[Exercise aim]
Nothing but the lines from the one showing "Casal mais velho" through the final line of the data below belongs in the answer, duplicated exactly and without pictures.

[Captioned web images]
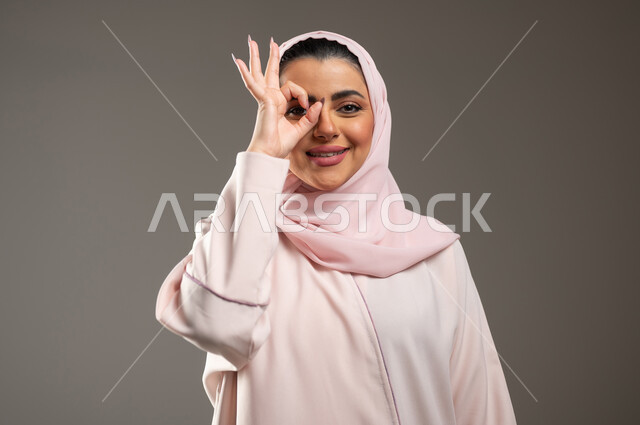 حب البحث والاستكشاف والمغامرة، بورتريه مقرب لامرأة عربية خليجية سعودية محجبة مبتسمة ترتدي عباءة وردية تضع يدها على عينها بشكل عدسة بإيماءات و تعابير وجه ويدين تدل على المشاهدة، مفهوم الرؤية المستقبلية، خلفية رمادية، محتوى حساس، استخدام حساس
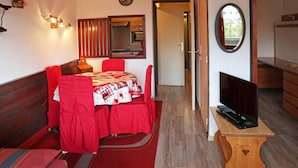 Een knus ingerichte kamer met een eettafel gedekt voor twee personen, een televisie op een houten standaard en een spiegel aan de muur.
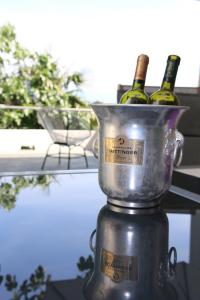 two bottles of wine in a bucket on a table at Central House Nona in Crikvenica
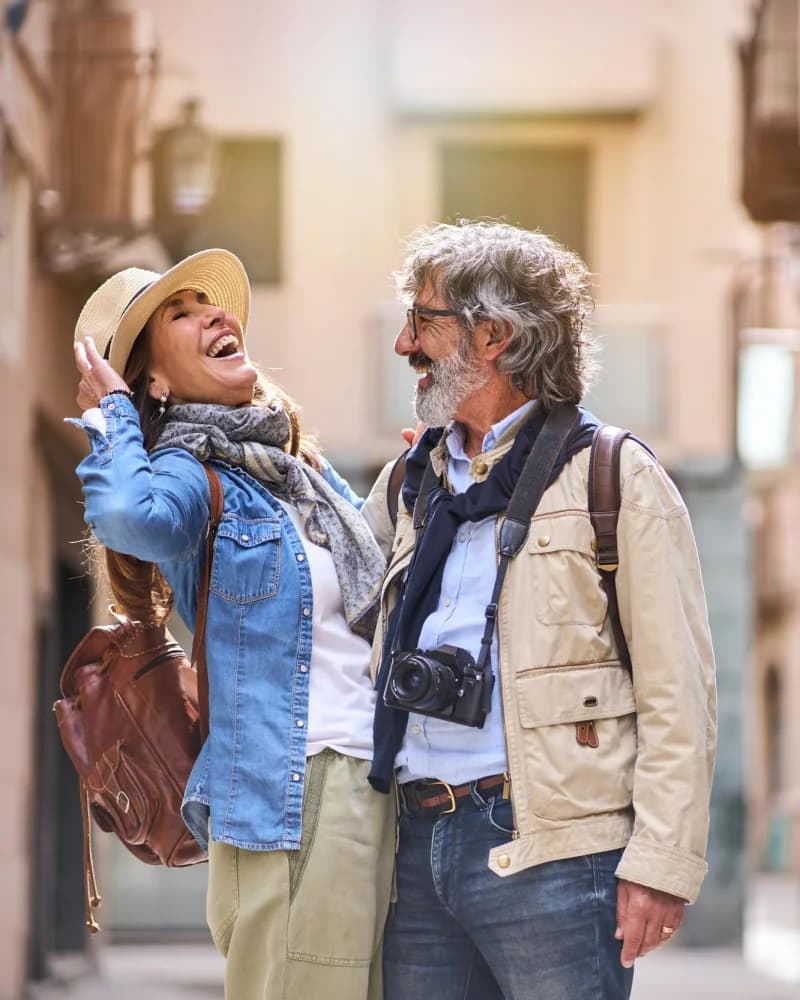 Casal mais velho rindo numa rua de cidade histórica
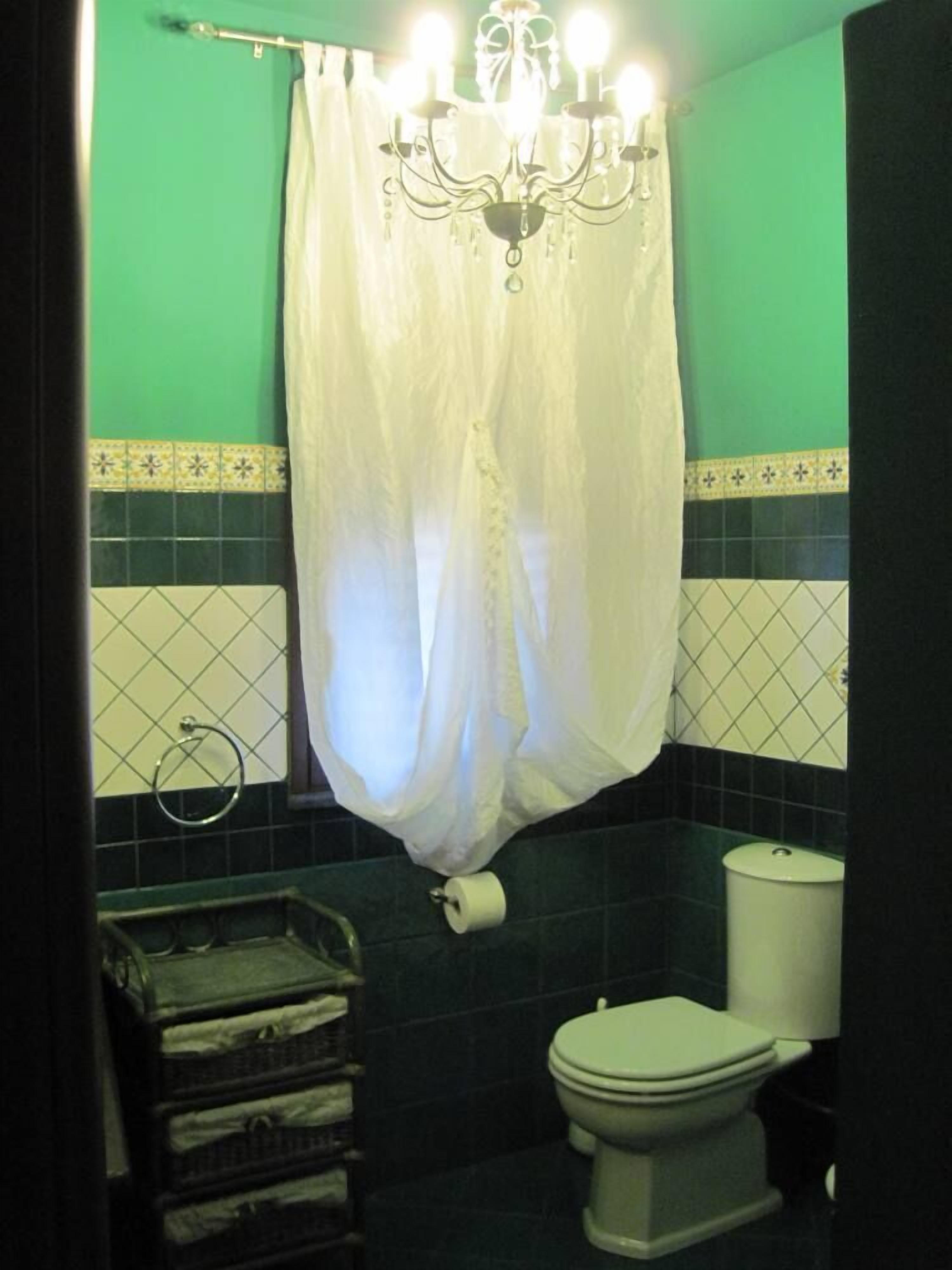 A bathroom with a toilet, a roll of toilet paper, a towel rack, and a chandelier.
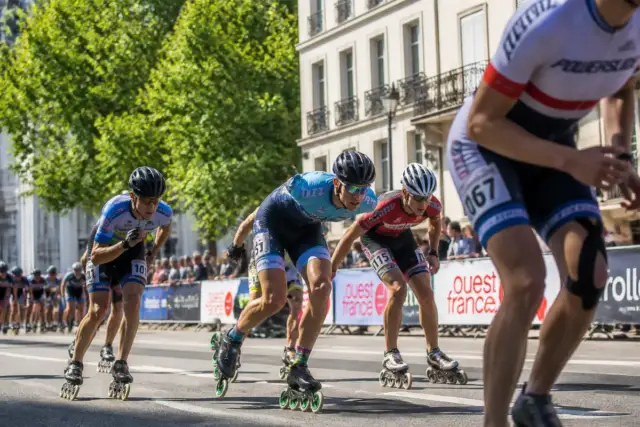 Patineurs en course pendant un marathon roller dans une rue arborée en ville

[Exercise result]
 Casal mais velho rindo numa rua de cidade histórica
 A bathroom with a toilet, a roll of toilet paper, a towel rack, and a chandelier.
 Patineurs en course pendant un marathon roller dans une rue arborée en ville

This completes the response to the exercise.